Con "Io capitano" Matteo Garrone firma il suo progetto ad oggi più ambizioso ed importante, e ci racconta per filo e per segno la via crucis che, in termini frammentari la stampa in po' ci ha già raccontato per vie sommarie, ma che con questo film ci vengono riproposte in tutta la sua più cruda, realistica e veritiera drammaticità.
Garrone utilizza uno stile di racconto asciutto, limpido, che punta al realismo più concreto senza mai nemmeno sfiorate la retorica, assemblando le disperate dinamiche di un esodo impossibile senza mai rischiare di sfiorare quel senso di accumulo che, anche solo a provare a raccontare a voce la storia di Seydou e Moussa, si rischierebbe di oltrepassare. Garrone ricorre ad un solo momento onirico, quello del volo della viaggiatrice agonizzante nel deserto, opportuno ed utile proprio per evitare che il dramma sfoci in patetismo.
E il viaggio si dipana in tutto il suo assurdo e crudele evolversi, fino ad una fine, che poi in effetti è in realtà un nuovo inizio, o tutto fuorché una fine.
La dinamica dell'accoglienza esula dal contesto a cui mira il film, e difatti Garrone accenna solo alla vergognosa prassi di rimbalzati la responsabilità tra paesi confinanti quando i relitti del mare navigano ancora in acque internazionali. Ma al film, che non ne ignora affatto le dinamiche, interessa altro, come si rivela corretto ed appropriato.

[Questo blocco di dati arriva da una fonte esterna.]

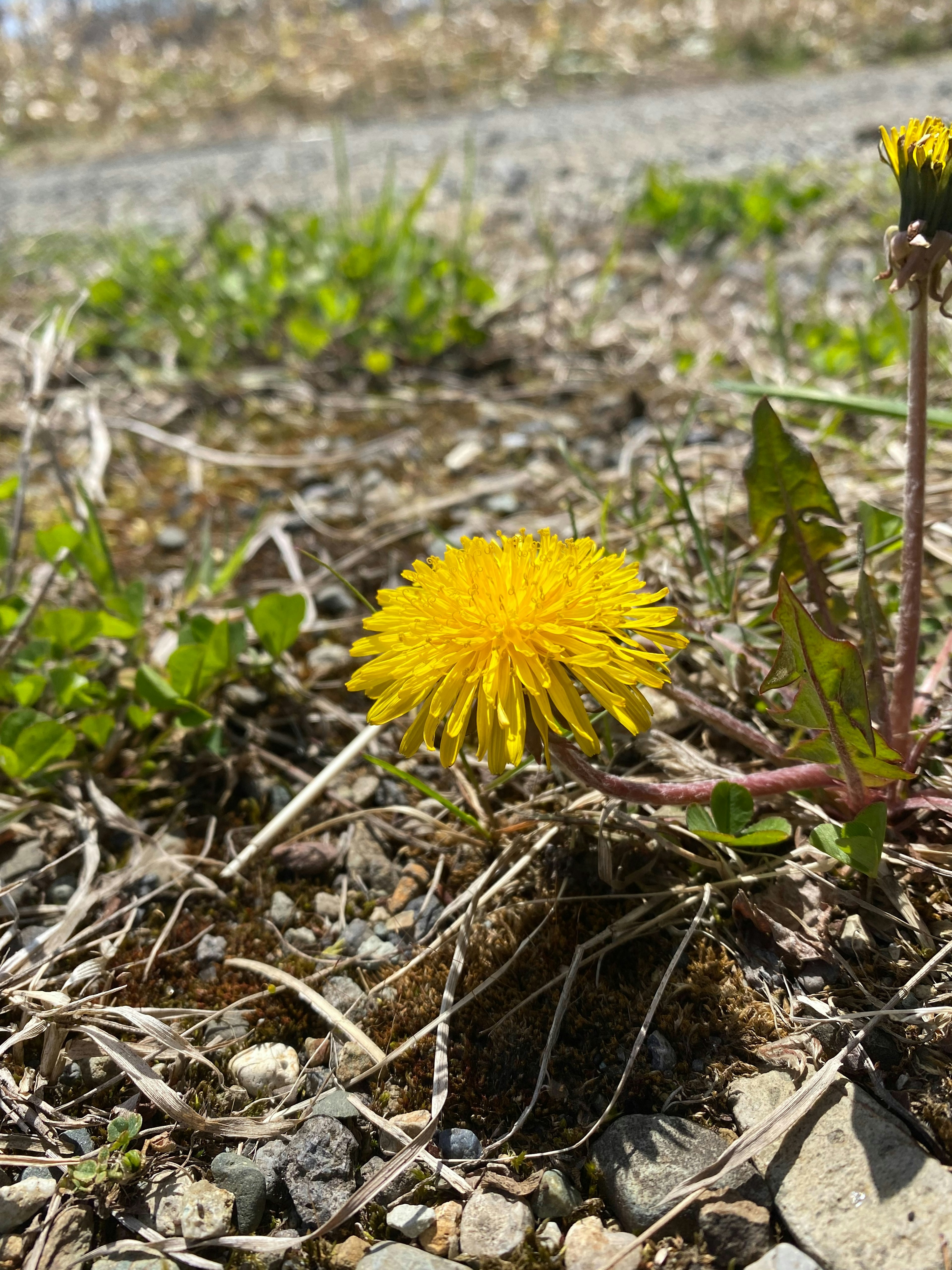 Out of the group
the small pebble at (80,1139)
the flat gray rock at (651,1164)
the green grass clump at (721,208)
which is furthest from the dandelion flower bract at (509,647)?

E "Io capitano", titolo che si riferisce ad una promozione sul campo che Seydou si guadagna a pieno merito nella sua inimmaginabile via crucis tra deserti, contrabbandieri di anime e mari agitati, diventa il film più emozionante del Concorso veneziano: quello più urgente, necessario, stimolante per poter finalmente renderci edotti in modo puntuale e definitivo su questa epocale tragedia umana che pare non avere soluzioni all'orizzonte.